Emil Oettinger, Executor, Appellant, v. Helge Bernhard Karlsson et al., Appellees.
    Gen. No. 41,838.
    
      Heard in the third division of this court for the first district at the February term, 1941.
    Opinion filed May 27, 1942.
    Thomas C. Kennedy and William Gillespie, both of Chicago, for appellant; William Gillespie, of Chicago, of counsel.
    Ernest A. Eklund and Anderson & Anderson, all of Chicago, for appellee; John N. Thornburn, of Chicago, of counsel.
   Mr. Justice Kiley

delivered the opinion of the court.

Plaintiff has appealed from a decree, striking his complaint and dismissing his action to contest a will; and from orders denying his subsequent motions.

On December 30, 1938, a will of Charles Anderson, deceased, dated January 30,1935, was admitted to probate in the probate court of Cook county. Neither plaintiff nor his wife were named as beneficiaries in that will. An alleged will of Charles Anderson, same decedent, dated September 23, 1936, in which plaintiff’s wife was named sole beneficiary, was denied probate in the probate court on June 14, 1939. An appeal was taken to the circuit court of Cook county from the order of denial by plaintiff who was named executor in the latter document. That appeal was pending when plaintiff filed the instant proceeding in the superior court on December 28, 1939, to contest the will which had been admitted to probate.

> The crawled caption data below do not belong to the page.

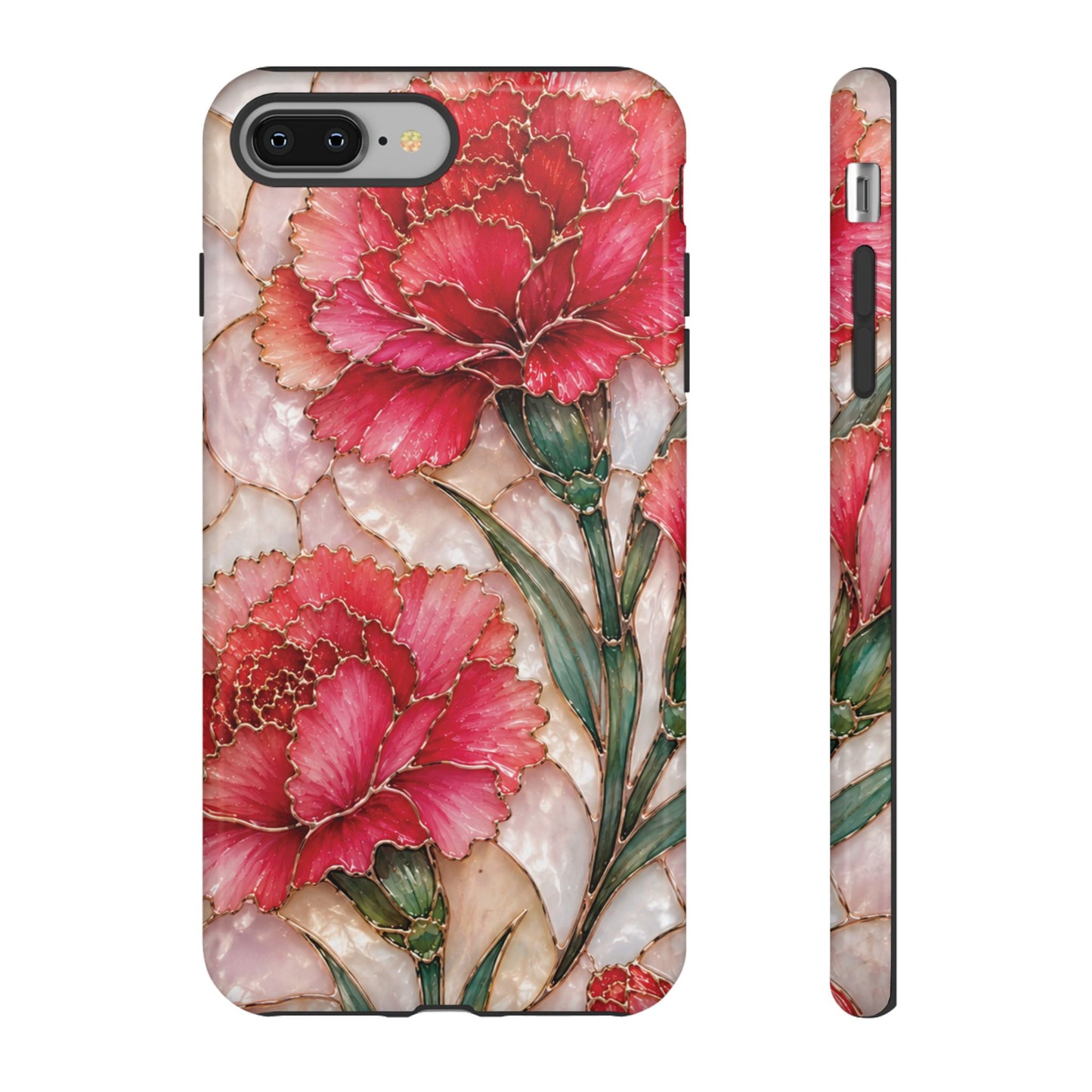 Stained Glass Effect Carnation Floral Tough Phone Case – Pink Vintage Botanical Protective Cover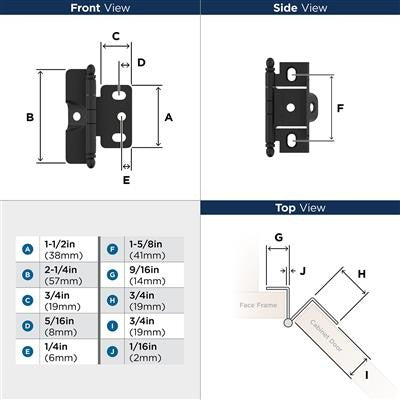 Decorative Hinges Steel Matte Black Cabinet Hinge 3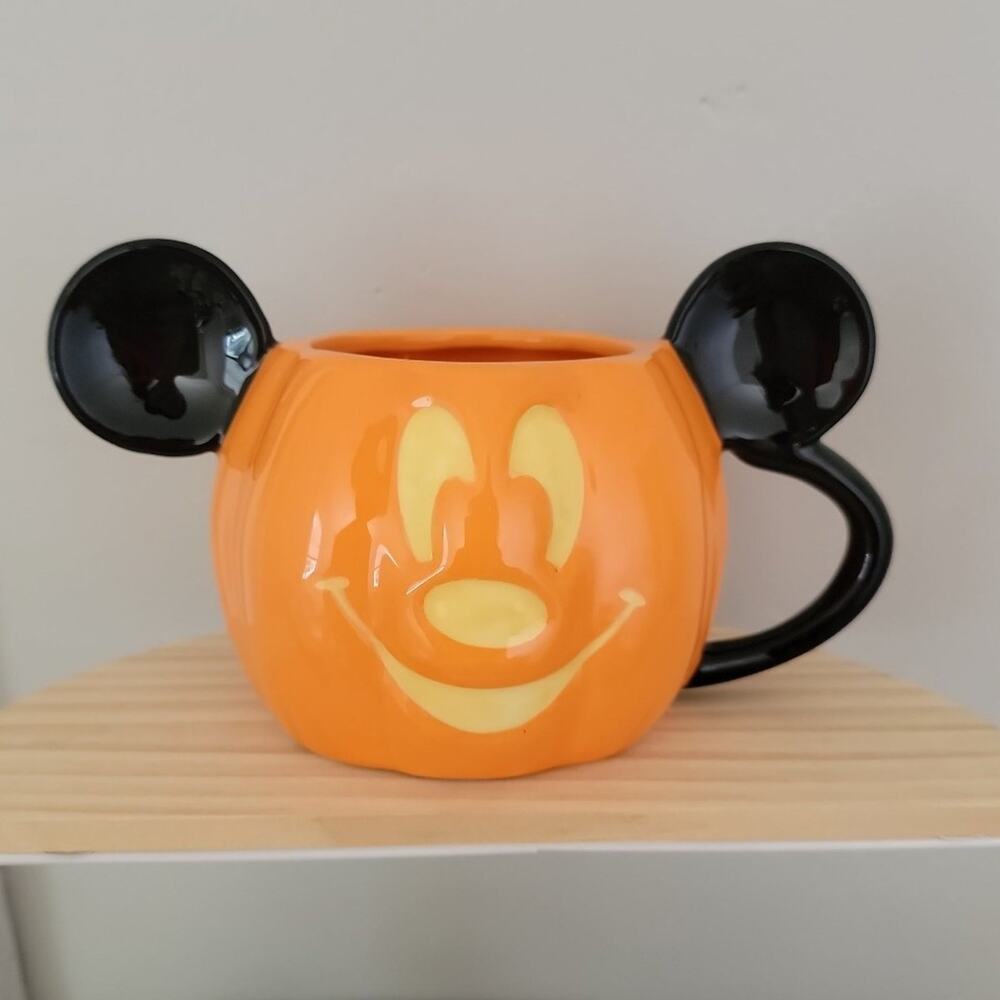 Disney Mickey Mouse Halloween Pumpkin Shaped Ceramic Mug with 3D Mouse Ears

One of the reasons alleged in defendant’s motion to dismiss in the trial court was that plaintiff was not entitled to bring the suit. If defendant’s contention is correct we need consider no other point.

Section 7, chapter 148, Ill. Rev. Stat., in force when the proceeding was filed, limits the right to contest a will to persons interested therein. A “person interested” means one who is affected detrimentally by being deprived in the will of a right he would otherwise have had in the absence of a will. Selden v. Illinois Trust & Savings Bank, 239 Ill. 67. At the time the will was admitted to probate, plaintiff was not an heir of the testator nor was he in anywise deprived by that will, therefore, he is not qualified to maintain this proceeding.

The decree of the superior court was properly entered and is, therefore, affirmed.

Decree affirmed.

Burke, P. J., and Hebel, J., concur.